17,5% of the Spanish speak Catalonian, but within the region of Catalonia this rises to 85% of its population. Catalonia claimed official status for their language in 1979, just one year after the Spanish Constitution was written.

Catalan spoken in the Balearic island are usually referred to as “mallorquín” and is widely spoken on the islands. Spanish is the native language of 47.7% of the population (most of them born elsewhere in Spain), Catalan of 42.6%, and 1.8% claim both languages as native.

Valencian is a different variant spoken mostly in the community of Valencia and Alicante-Elche. There have been some voiced opinions that Valencian should be considered as a separate language. Valencian is today the official name in the region to refer to Catalan within its community.

Galician (Galego)

Galician is the co-official language in the community of Galicia. This was written in the Constitution in 1978. The language is mostly spoken in the north-west corner of the community and is closely related to Portuguese. In Galicia, Galician is the native language of 40.9% of the population, 30.9% claim Spanish as their native language, and 25.3% have both languages as native; 50.8% of the population habitually use more Galician than Spanish, while 47.8% habitually use Spanish.
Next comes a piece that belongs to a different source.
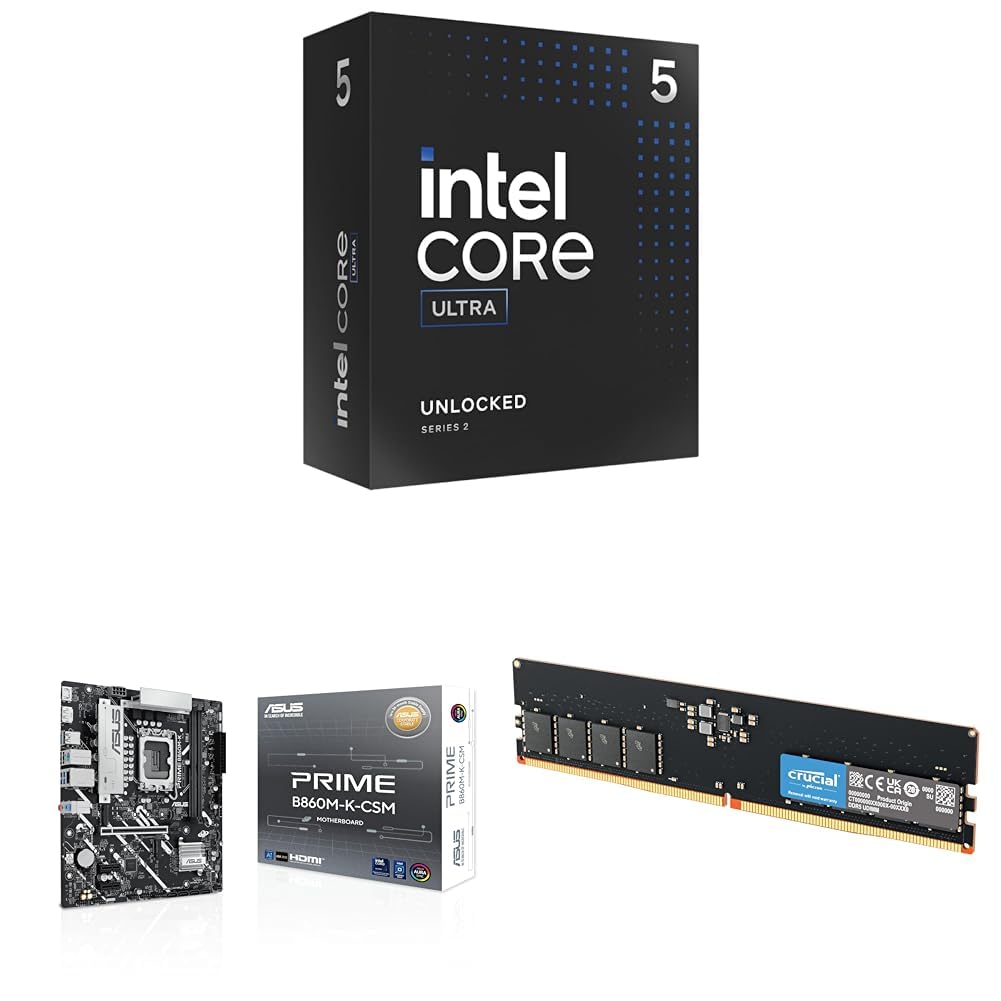 Amazon.in: Buy Intel Ultra 5 245k+Asus B860 Motherboard+Crucial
Basque is the co-official language in the Basque country. This was ratified in a referendum in 1979. Basque is spoken by approximately one million Spanish citizens (around 2.15% of the population). During the Franco-era in Spain, Basque came close to extinction, but during the 1970, a standard version of Basque was created by the Euskaltzaindia (Royal Academy of the Basque Language), mainly based on the central Basque dialect and on the written tradition. The Standard Basque has been criticized as to be an artificial language, and some more traditional dialects might have difficulties understanding it. The Standard Basque is growing as younger people now are trying to learn it, thereby reviving its use.


Aranese, a variety of Occitan/Gascon spoken in the Aran Valley, in the northwest of the province of Lleida, is official in this valley and since 2006 in all of Catalonia under the new Statute of Autonomy. In the Aran Valley, Spanish is the mother tongue of 38.8% of the population (many of them born elsewhere), Aranese is the mother tongue of 34.2% and Catalan of 19.4%, according to 2001 census data. Aranese is the mother tongue of about 2,800 people, which is 0.007% of the population of Spain.

Spain’s languages in the EU

In 2004, Spain’s co-official languages were institutionalized, meaning that citizens can use these languages when communicating with the EU, both written and spoken, and that there are certain criteria in place in terms of translation and interpreting.